▶ **Material provided**:

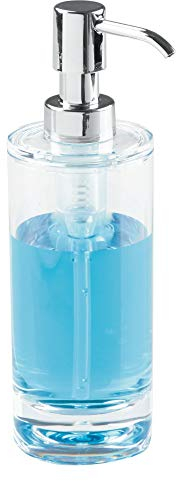 iDesign Eva Distributeur de Savon, Pousse-Mousse Élégant en Plastique, Transparent/Argenté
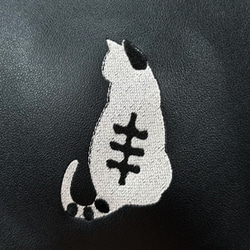【送料無料】猫シルエットの刺繍 フェイクレザー ミニショルダーバッグ 10枚目の画像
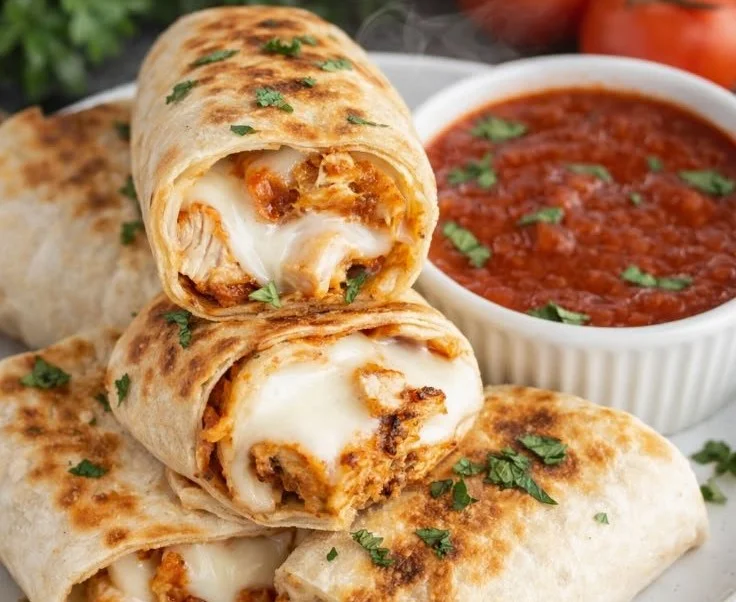 Crispy air fryer chicken wraps served on a plate with fresh ingredients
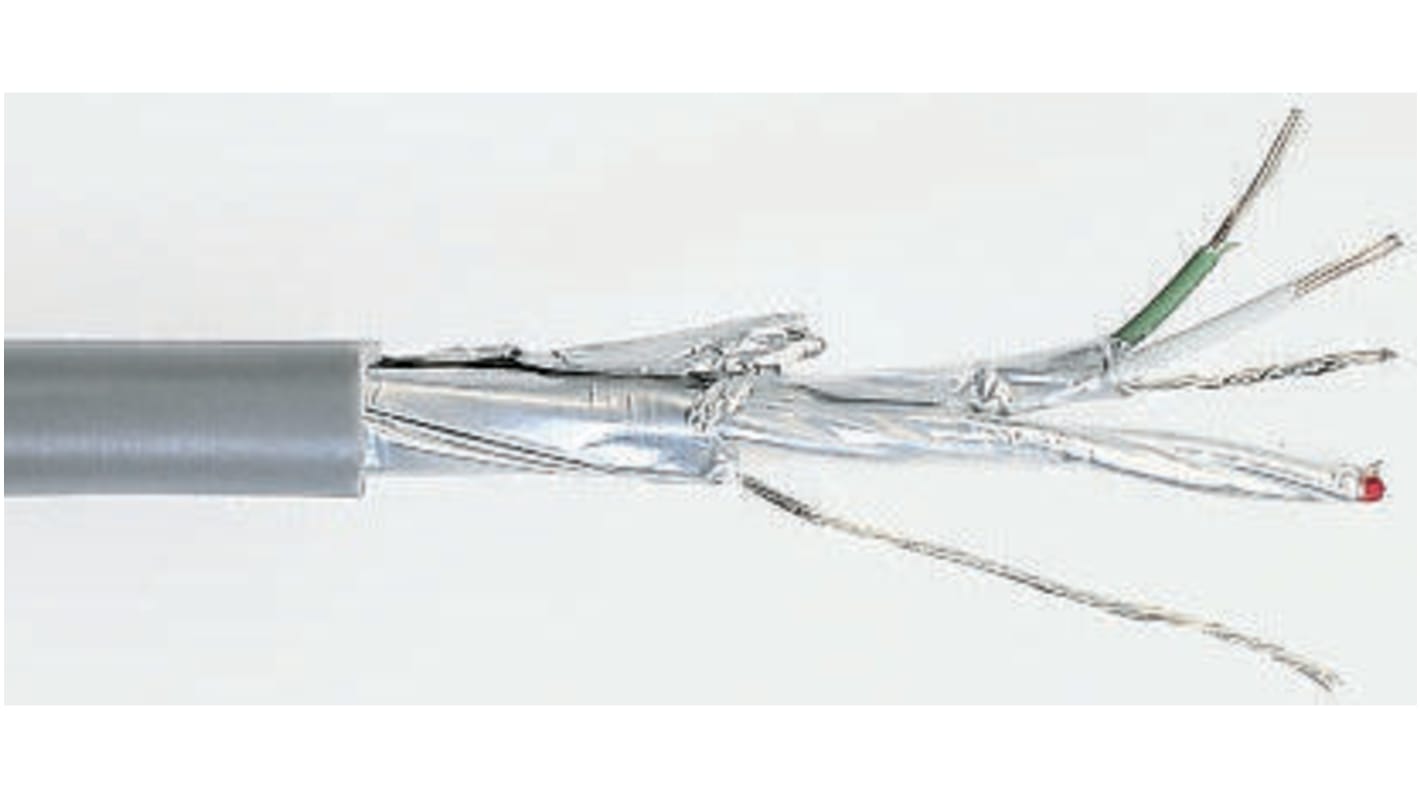RS PRO Datenkabel, 2-paarig 0.34 mm² Ø 5mm Aluminiumfolie-PET-Band Schirmung PVC isoliert Mehrleiter Grau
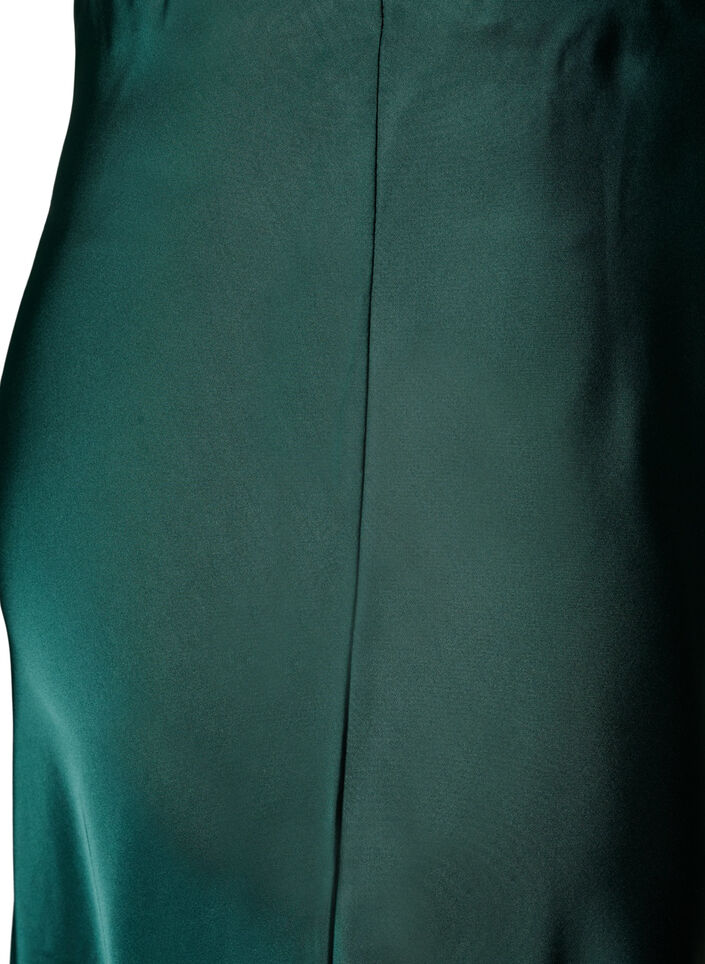 Jupe midi en satin, Vert fonc&eacute;, Packshot image number 3
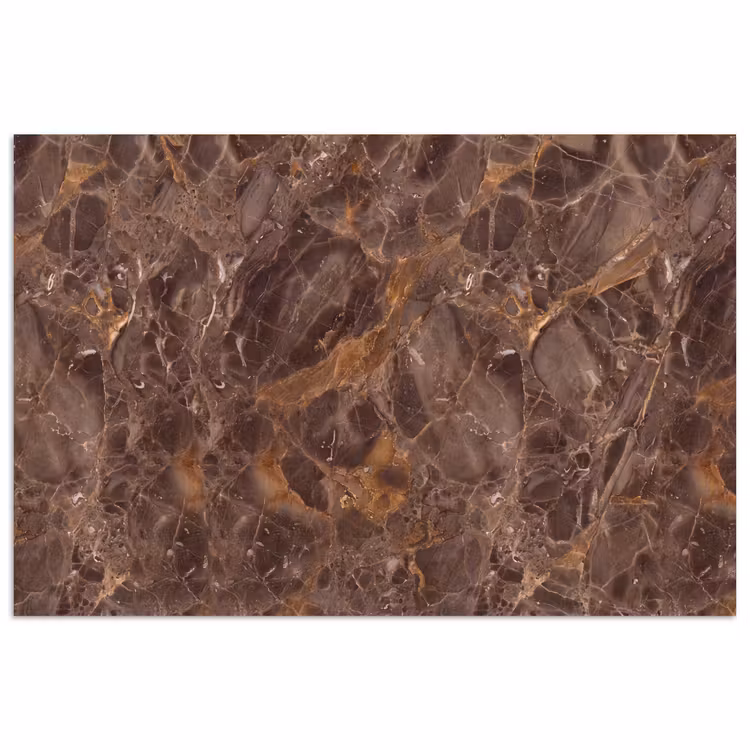 Marmer - Patroon - Natuur - Bruin - Goud poster papier klein -3d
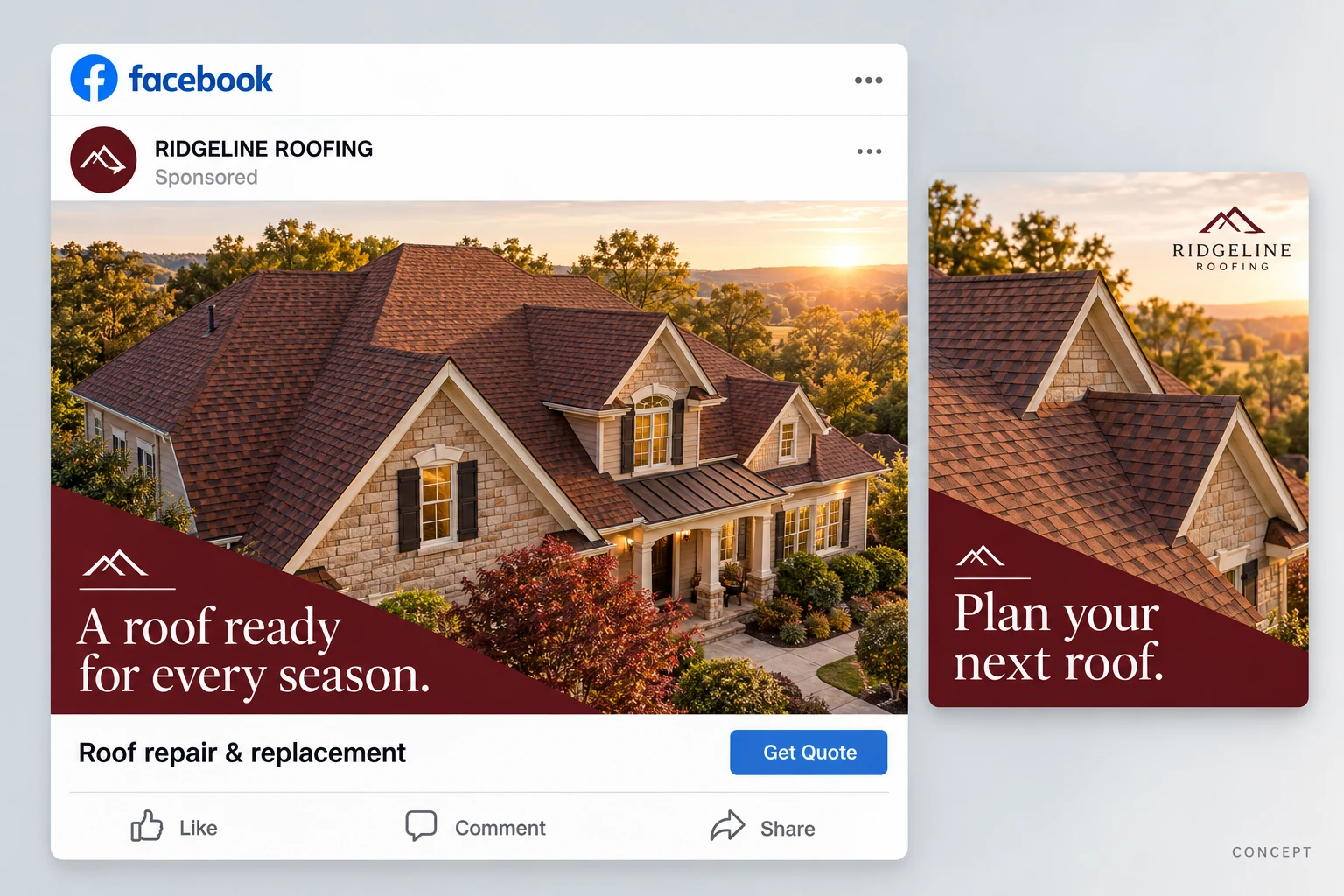 Facebook sponsored feed ad concept for Ridgeline Roofing featuring a completed residential roof and Get Quote button.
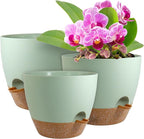 10/9/8 inch Self Watering Pots, Planter, Plant Pots with Mesh Drainage Holes for Indoor Outdoor Garden Plants, Plastic Flower Pots with Deep Reservoir for House Plants, Green with Brown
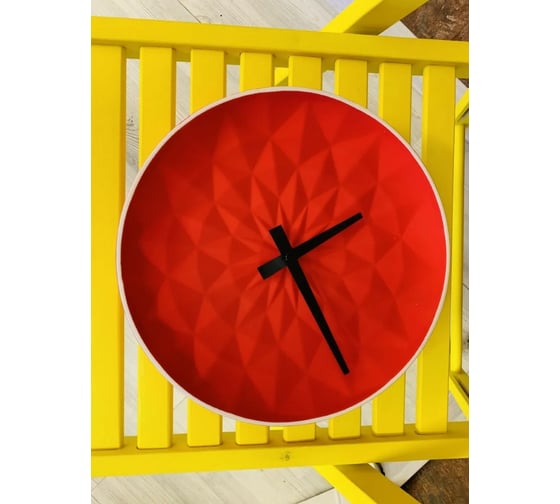 Настенные часы Vilart керамические, круглые, размер 25.5x25.5x5.5 см, красные 18-302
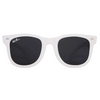 White sunglasses with dark lenses on a white background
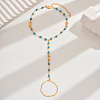 Elegant Brass & Plastic Round Beads Link Chain Toe Ring Anklets for Women QC4234-2-1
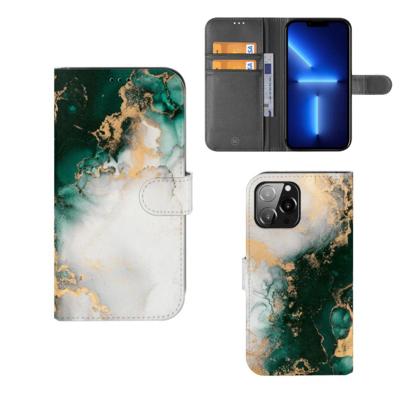 Bookcase voor iPhone 13 Pro Max Marmer Groen Bookcase voor iPhone 13 Pro Max Marmer Groen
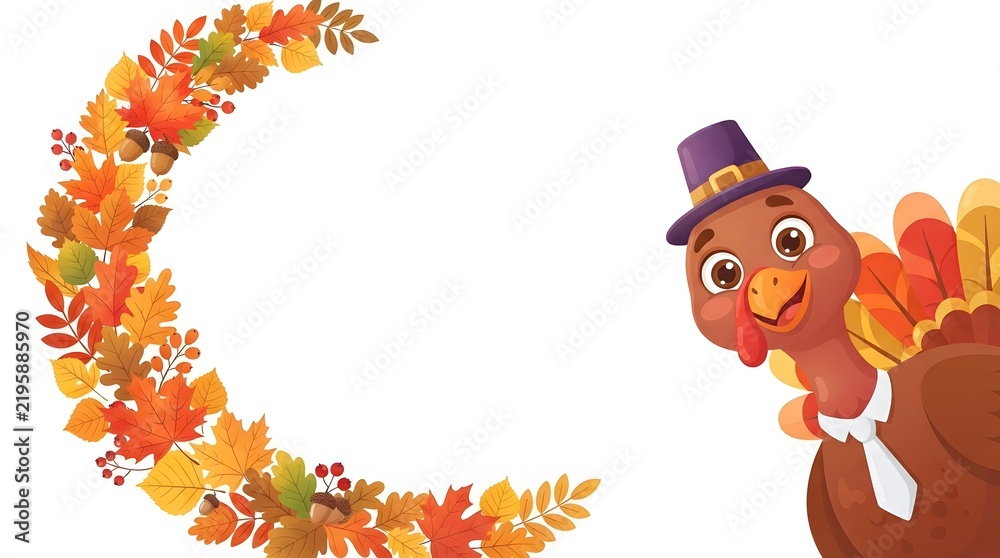Fototapeta premium A charming cartoon turkey greets viewers with a festive autumn leaf crescent backdrop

▶ **What is being asked**:
The answer is to be the lines of the listing from the first through the one with "Facebook sponsored feed", reproduced exactly, without any pictures.

▶ **Response to this exercise**:
 iDesign Eva Distributeur de Savon, Pousse-Mousse Élégant en Plastique, Transparent/Argenté
【送料無料】猫シルエットの刺繍 フェイクレザー ミニショルダーバッグ 10枚目の画像
 Crispy air fryer chicken wraps served on a plate with fresh ingredients
RS PRO Datenkabel, 2-paarig 0.34 mm² Ø 5mm Aluminiumfolie-PET-Band Schirmung PVC isoliert Mehrleiter Grau
 Jupe midi en satin, Vert fonc&eacute;, Packshot image number 3
 Marmer - Patroon - Natuur - Bruin - Goud poster papier klein -3d
 Facebook sponsored feed ad concept for Ridgeline Roofing featuring a completed residential roof and Get Quote button.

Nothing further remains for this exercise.